Again, while PCTCPUBY is legitimate, PCTMVSBY raised more questions
than it answers, initially. Note: Jan 2006: However, now it is
used to calculate the SHORTCPS variable, and is thus useful.
To summarize what percentages are printed where by IBM and reported
where by MXG, on RMF CPU Activity Report, the "LPAR Busy Time Perc"
is variable PCTCPUBY, and the "MVS Busy Time Perc" is variable
PCTMVSBY in dataset TYPE70 (and now in TYPE70PR as well). On RMF's
Partition Data Report, IBM's "Logical Processors Total" is variable
LPCTnBY, and IBM's "Physical Processors Total" is PCTLnBY in dataset
ASUM70PR for each LPAR, and the "Physical Processors Total" is the
variable PCTCPBUY in ASUM70PR.
Note: I intend to revise this note as I learn more, especially for
millennium and/or MDF, in the near future. The purpose of this
much of the note was to document what is calculated by MXG and by
IBM when you try to compare RMF reports to MXG datasets, and to
point out basic problems if you have Dedicated or Wait Comp = YES.
Not only is there a problem in ASUM70PR in that we do not know the
true CPU busy time, we also have assumed the "capacity" was the
DURATM of the interval, but that is not always the case, especially
when LPAR weighting is taken into account. No single percentage
value can be used, as it depends on your perspective. ASUM70PR
reports usage percentages of the "dispatch" capacity, while TYPE70
still must be used to understand what is happening inside each MVS.
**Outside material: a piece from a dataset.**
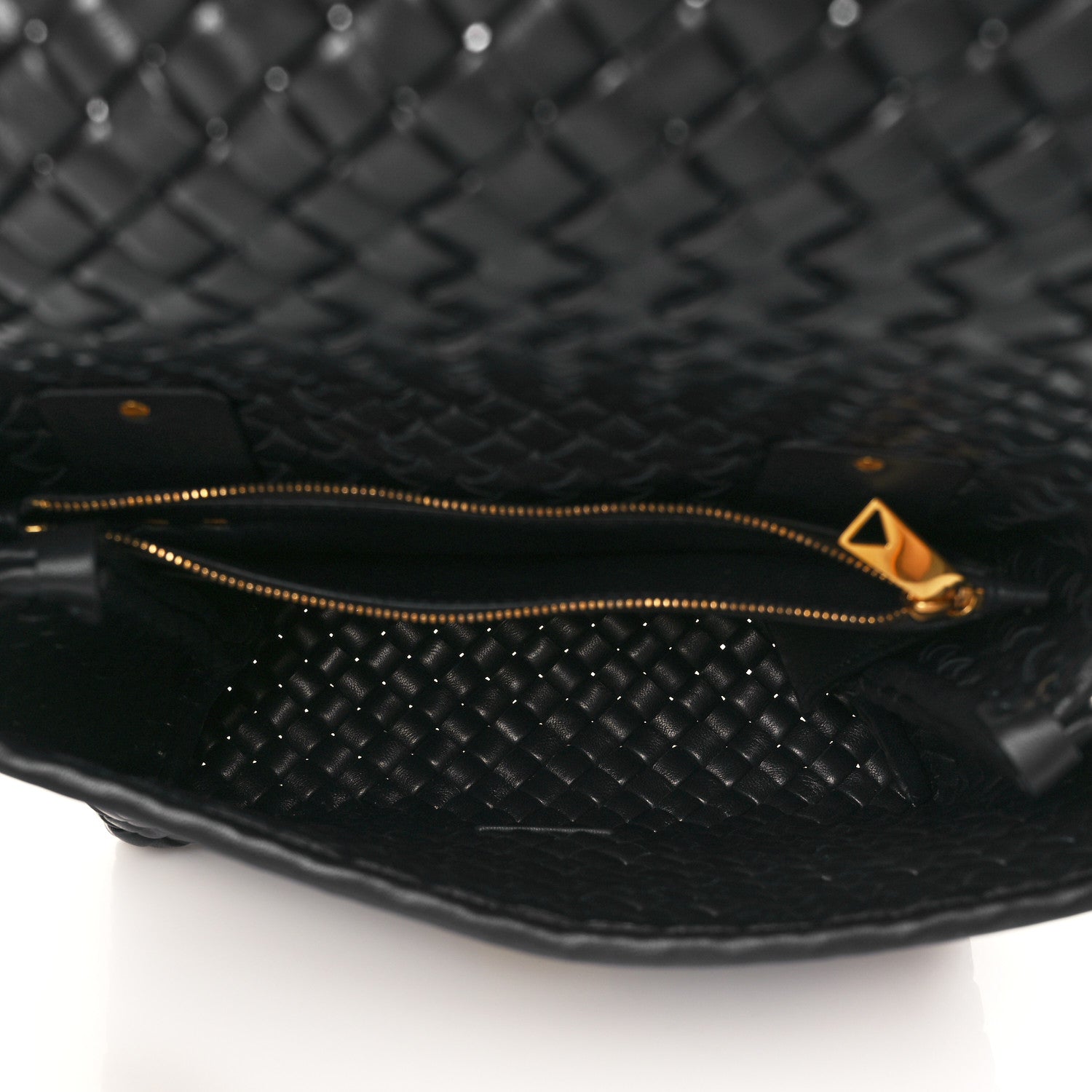 Bottega Veneta Nappa Intrecciato Patti Top Handle Bag Space 4 of 8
2. FAT32 file system reduces space needed for MXG from 139MB to 68MB.
On Windows 95 and Windows NT with FAT File Systems, the MXG Source
Library directory DIR command shows 3549 files totaling 57.7 MB,
but the files in that directory actually required 139.1 Megabytes
of disk space! The 2GB disk drive with 32K cluster size wastes
space if the file is less than 32KBytes, and as only 272 of MXG's
source files are over 32K in size, the other 3277 small files waste
lots of disk space with large cluster size under FAT file systems.
Well that is a dead problem with the newer FAT32 file system that
virtually eliminates the space waste problem. That same source
library required only 68.23 MegaBytes on a 9GB FAT32 disk drive!
III. MVS Technical Notes.
1. APAR OW25609 corrects a stoppage of SMF type 30 interval records
(subtypes 2 & 3) and type 23 records, after a serialization problem.
The APAR applies to MVS/4.3 thru OS/390 2.4.
2. APAR OW28289 changes counts in type 30 variables TAPNMNTS/TAPSMNTS
(SMF30PTM/SMF30TPR). In DF/SMS 1.2 and earlier, tape mount counts
were the number of physical mounts (actually, a count of volumes
that were verified by OPEN/CLOSE/EOV via a loadpoint read of the
VOL1 tape label). That was changed by an SPE to DF/SMS 1.2.0 (which
was included in DF/SMS 1.3.0 and 1.4.0); IBM decided instead to
count logical volumes (i.e., increment the mount count when OPEN
processing is entered with the tape drive in a ready state and with
the mounted volume at loadpoint). A document change was prepared
but never distributed, and now IBM is backing out the SPE's effect,
and with this APAR, the counts revert to physical mount counts. The
APAR's text is confusing, because it lists PTFs for DF/SMS releases
1B0, 1C0, and 1D0, which turn out to be DFSMS 1.2, 1.3, and 1.4,
respectively. If you depend on the count of tape mounts in type 30
records, you will want to apply this PTF.
3. APAR OW28613 corrects errors in the JES2 Type 26 Purge record in the
SMF26OAG Accounting Section offset. I earlier thought MXG would not
fail, but without that APAR, MXG offset validation was insufficient,
an INPUT STATEMENT EXCEEDED occurs. Now, Change 15.330 circumvents
the wrong value for SMF26OAG, but the ACCOUNTn fields in TYPE26J2
will be blank until you install to APAR to correct IBM's error.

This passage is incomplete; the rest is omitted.